▶ [TO DO]: The entries below contain pictures. Write out only the lines from the line with "Un plan de travail" up to and including the line with "brother Dominic's name.", exactly, without them.

▶ [THE INPUT]:

# # # # # # #

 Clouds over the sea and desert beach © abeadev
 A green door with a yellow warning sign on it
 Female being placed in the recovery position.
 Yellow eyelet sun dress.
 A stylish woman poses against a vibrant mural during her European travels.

# # # # # # #

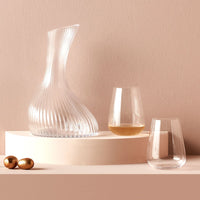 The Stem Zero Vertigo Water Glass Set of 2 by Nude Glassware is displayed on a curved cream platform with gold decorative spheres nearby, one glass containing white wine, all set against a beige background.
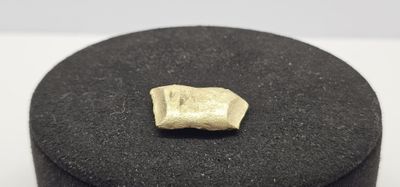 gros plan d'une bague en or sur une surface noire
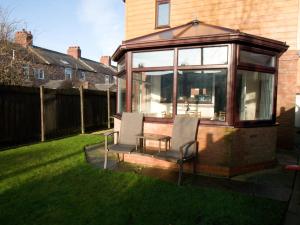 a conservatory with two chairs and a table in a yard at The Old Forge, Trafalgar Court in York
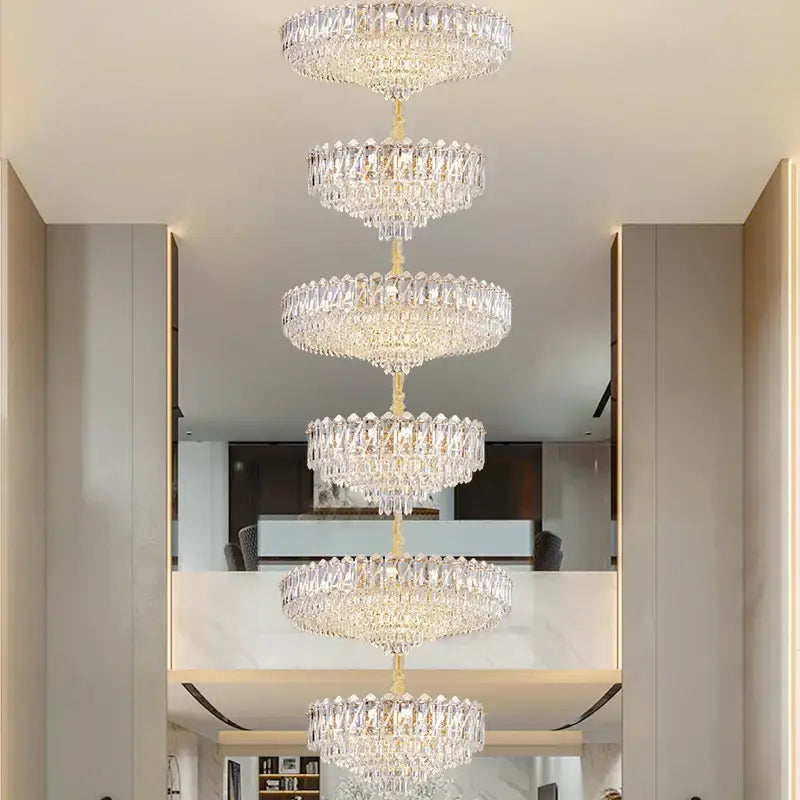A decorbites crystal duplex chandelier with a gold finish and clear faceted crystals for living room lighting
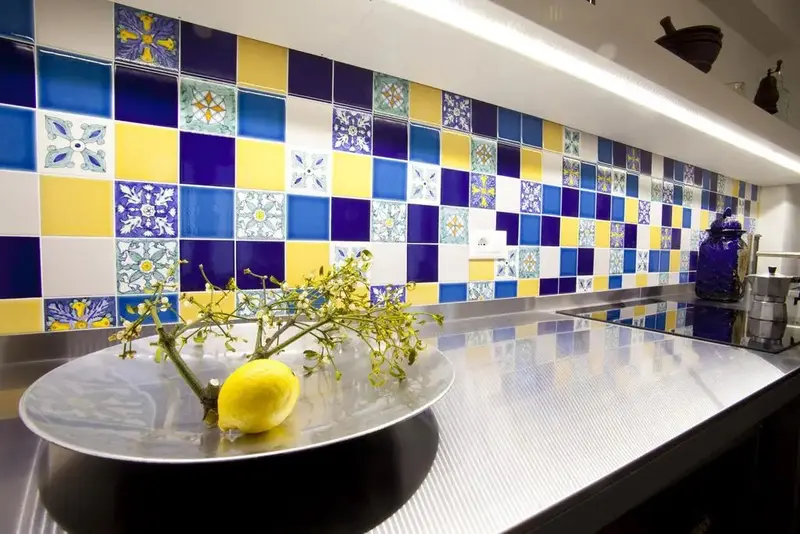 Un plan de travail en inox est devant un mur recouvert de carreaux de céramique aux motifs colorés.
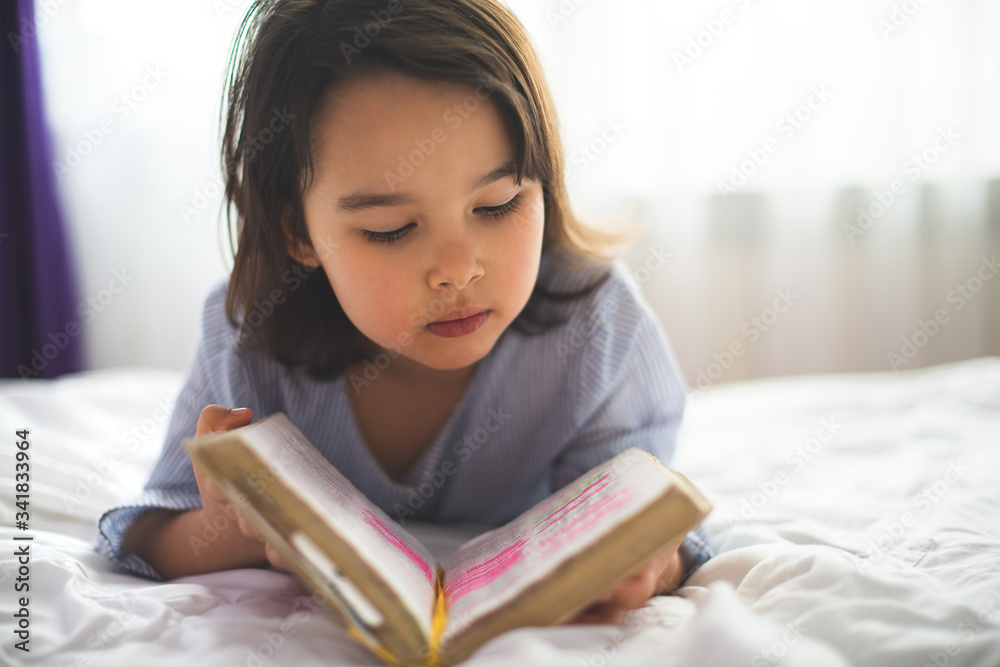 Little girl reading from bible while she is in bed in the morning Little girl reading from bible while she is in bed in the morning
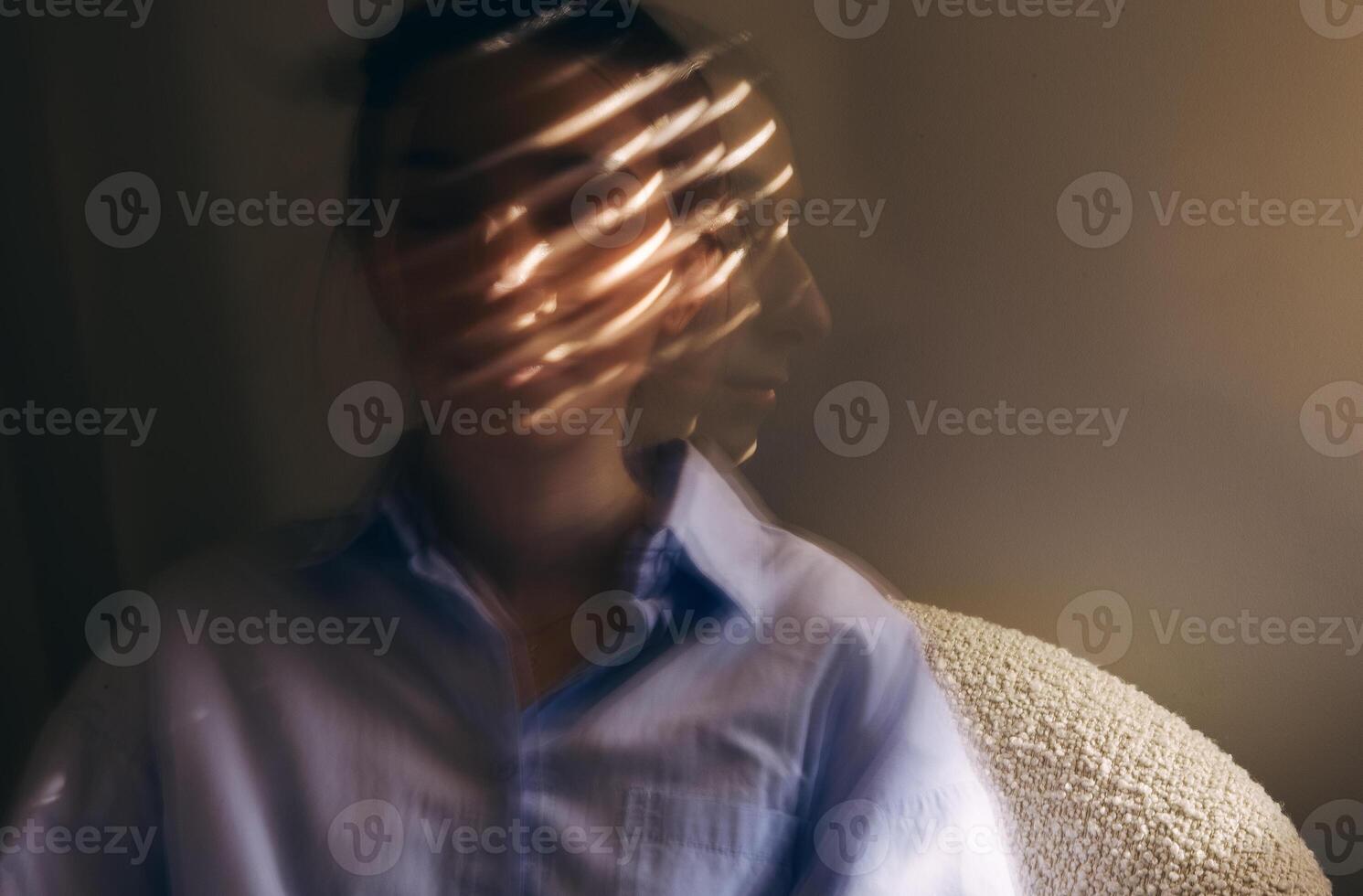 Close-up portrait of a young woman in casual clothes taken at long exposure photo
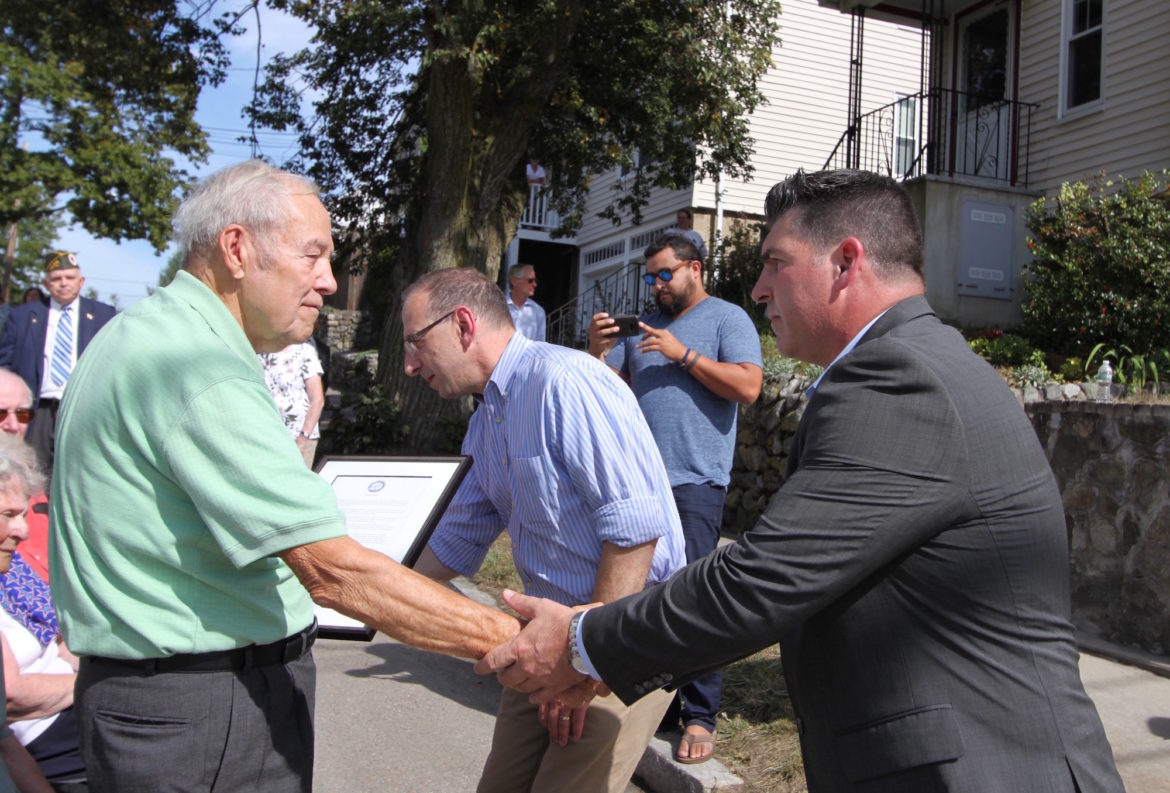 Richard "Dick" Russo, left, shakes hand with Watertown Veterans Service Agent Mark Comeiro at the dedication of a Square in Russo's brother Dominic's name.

# # # # # # #

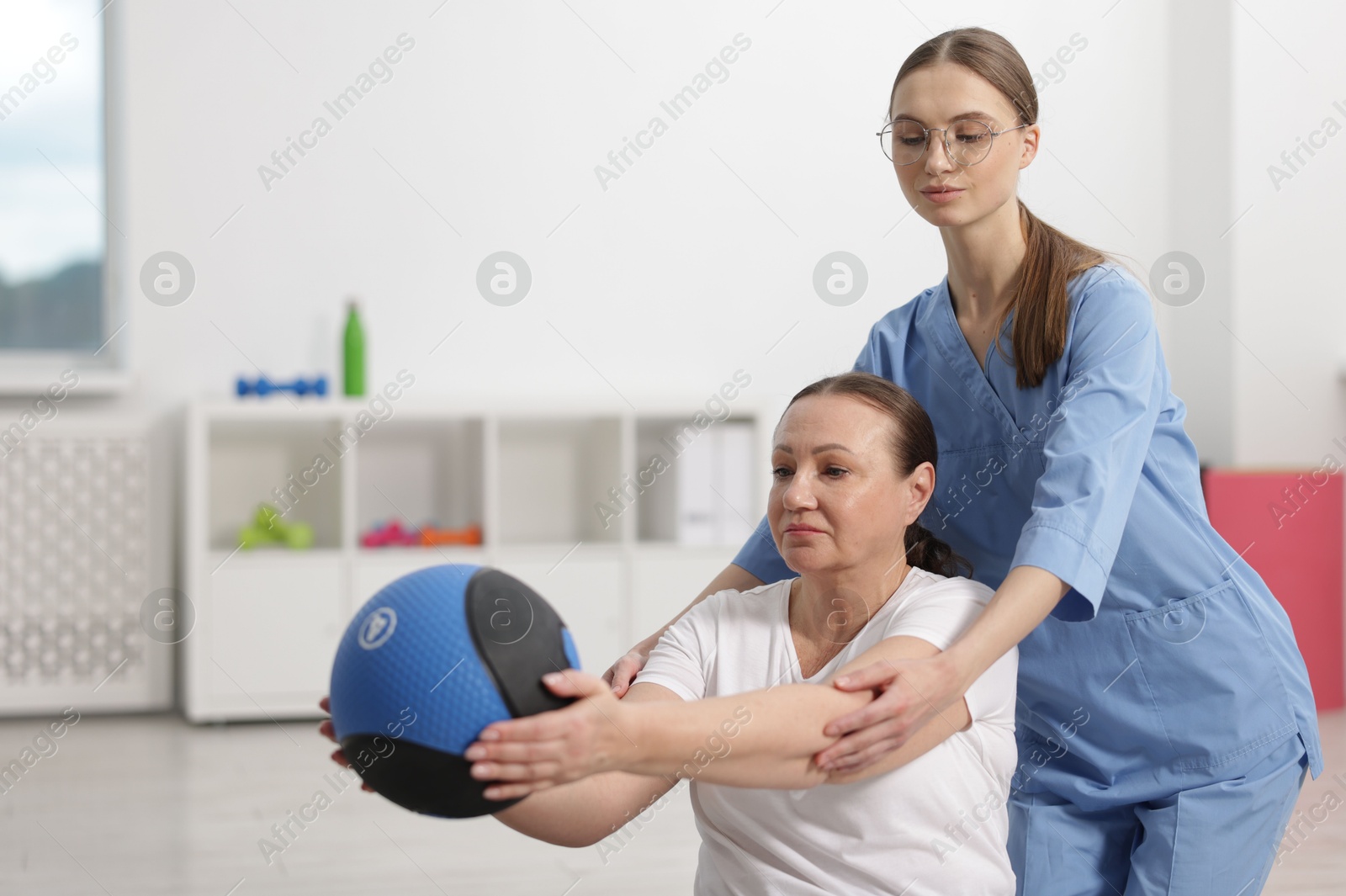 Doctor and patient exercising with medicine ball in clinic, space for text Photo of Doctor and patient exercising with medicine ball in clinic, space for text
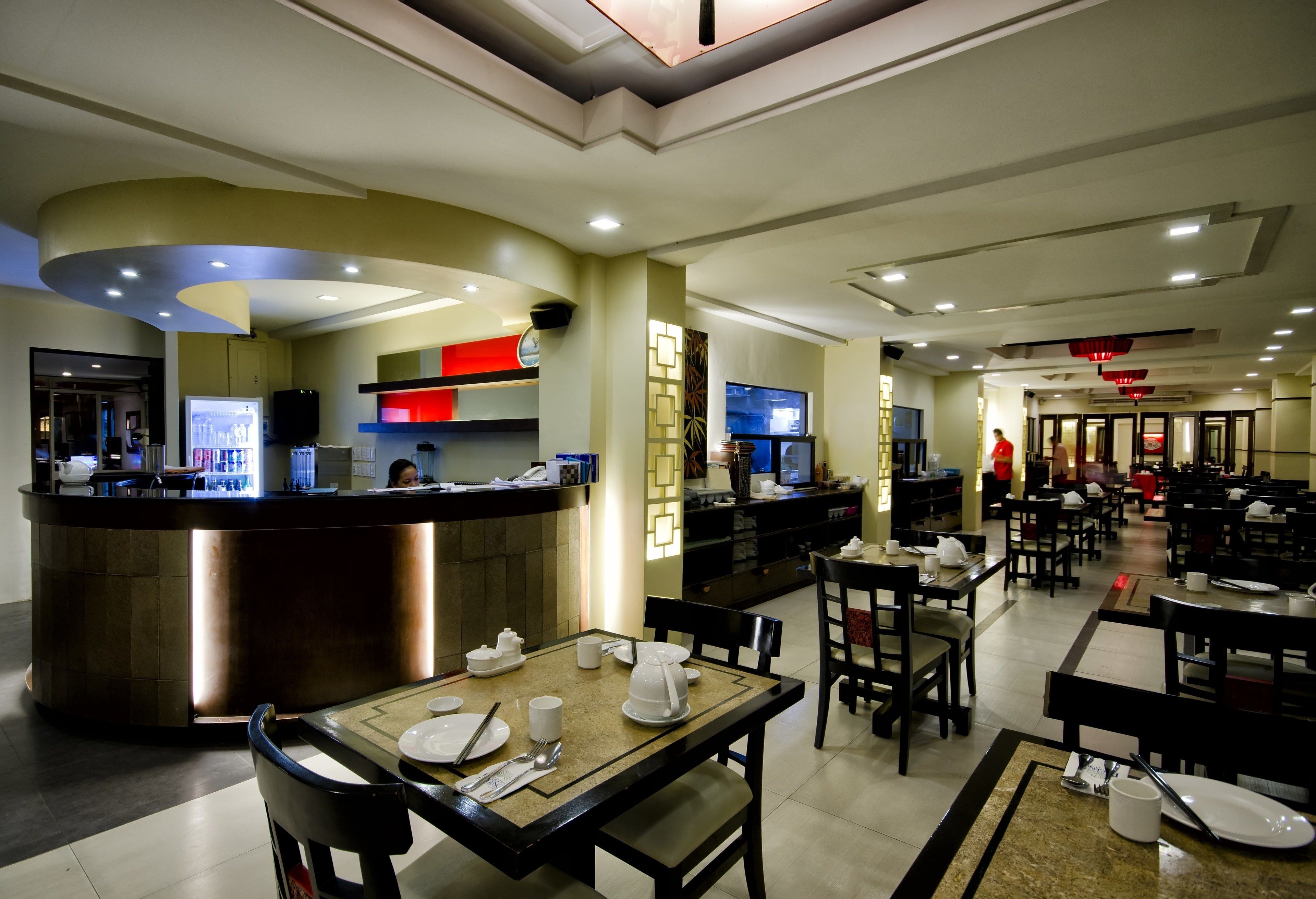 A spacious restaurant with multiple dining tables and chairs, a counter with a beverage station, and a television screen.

# # # # # # #

▶ [RESULT OF THE TASK]:
 Un plan de travail en inox est devant un mur recouvert de carreaux de céramique aux motifs colorés.
 Little girl reading from bible while she is in bed in the morning Little girl reading from bible while she is in bed in the morning
 Close-up portrait of a young woman in casual clothes taken at long exposure photo
 Richard "Dick" Russo, left, shakes hand with Watertown Veterans Service Agent Mark Comeiro at the dedication of a Square in Russo's brother Dominic's name.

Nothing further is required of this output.